TSG correctly points out that it is the metadata repository, which legacy vendors often base on relational databases, that struggles in high-volume implementations, so their test focuses on the ability of Dynamo to store a high-volume of data while maintaining performance.

Let me shift slightly from case management, which is what TSG focuses on, to the more general problem firms have when they generate 100’s of millions of files that they need to manage and deliver to their stakeholders.

I have seen multiple clients and prospects who have very demanding requirements in terms of data volume while at the same time requiring very little in terms of what I’d call traditional ECM functionality. Often, they need nothing more than a RESTful API to get data into and out of the repository and some basic searching across a few metadata fields. Insurance companies and financial services companies are two examples of industries with lots of such use cases.

TSG is using native AWS services to manage metadata (DynamoDB) and file storage (S3), but this can also be done on-premises leveraging either commercial or open source solutions to provide a nearly-infinite scale, highly-performant, fully redundant solution.

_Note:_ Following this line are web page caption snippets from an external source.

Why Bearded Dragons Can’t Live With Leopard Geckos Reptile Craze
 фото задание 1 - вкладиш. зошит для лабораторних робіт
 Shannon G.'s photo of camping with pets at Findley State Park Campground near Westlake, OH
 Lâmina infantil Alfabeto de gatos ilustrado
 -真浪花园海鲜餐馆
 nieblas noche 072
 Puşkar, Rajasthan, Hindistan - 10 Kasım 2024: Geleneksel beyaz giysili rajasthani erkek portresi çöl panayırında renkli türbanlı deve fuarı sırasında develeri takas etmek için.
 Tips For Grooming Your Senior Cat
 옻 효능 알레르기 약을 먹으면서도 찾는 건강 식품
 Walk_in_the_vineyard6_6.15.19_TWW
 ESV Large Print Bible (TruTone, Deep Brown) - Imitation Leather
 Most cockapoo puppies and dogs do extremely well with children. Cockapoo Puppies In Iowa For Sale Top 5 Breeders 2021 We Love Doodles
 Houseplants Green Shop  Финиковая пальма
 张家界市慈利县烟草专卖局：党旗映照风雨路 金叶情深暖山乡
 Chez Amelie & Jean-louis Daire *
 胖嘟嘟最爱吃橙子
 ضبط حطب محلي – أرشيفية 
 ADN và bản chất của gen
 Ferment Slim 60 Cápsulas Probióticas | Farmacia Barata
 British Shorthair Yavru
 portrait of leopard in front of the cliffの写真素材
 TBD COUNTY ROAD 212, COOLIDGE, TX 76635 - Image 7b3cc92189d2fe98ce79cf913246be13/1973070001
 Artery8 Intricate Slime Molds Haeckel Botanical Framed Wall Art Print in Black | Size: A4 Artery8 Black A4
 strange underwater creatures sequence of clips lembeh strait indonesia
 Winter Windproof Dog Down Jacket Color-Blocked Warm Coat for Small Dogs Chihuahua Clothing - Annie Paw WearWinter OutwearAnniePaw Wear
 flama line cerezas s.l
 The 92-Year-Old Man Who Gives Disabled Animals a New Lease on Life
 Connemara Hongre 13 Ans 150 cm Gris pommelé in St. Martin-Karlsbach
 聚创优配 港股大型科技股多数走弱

The important part here is that you do not need an ECM platform to do this. In fact, many high-profile customers of legacy ECM vendors like Documentum, Alfresco, and FileNet, are actively moving away from those platforms for use cases like these.

Why? Companies tell me those platforms are proving too difficult to scale, too complex to implement and maintain, and too expensive in terms of licensing cost.

My company, Metaversant, can build you a minimal content management system in your own data center or in AWS. We call our solution Magritte. It includes:

  • Scalable and distributed object storage built on commodity disk drives
  • Flexible content model
  • REST API for CRUD functions
  • Basic permissions on objects
  • Metadata search (and full-text search if you need it)
  • Ability to manage billions of objects
  • $0 in mandatory licensing costs (commercial support of underlying open source components is available at the customer’s option)

That’s enough functionality for many use cases. In fact it seems like the exact right amount of functionality for managing things like customer statements, contracts, and agreements in large insurance or financial services companies.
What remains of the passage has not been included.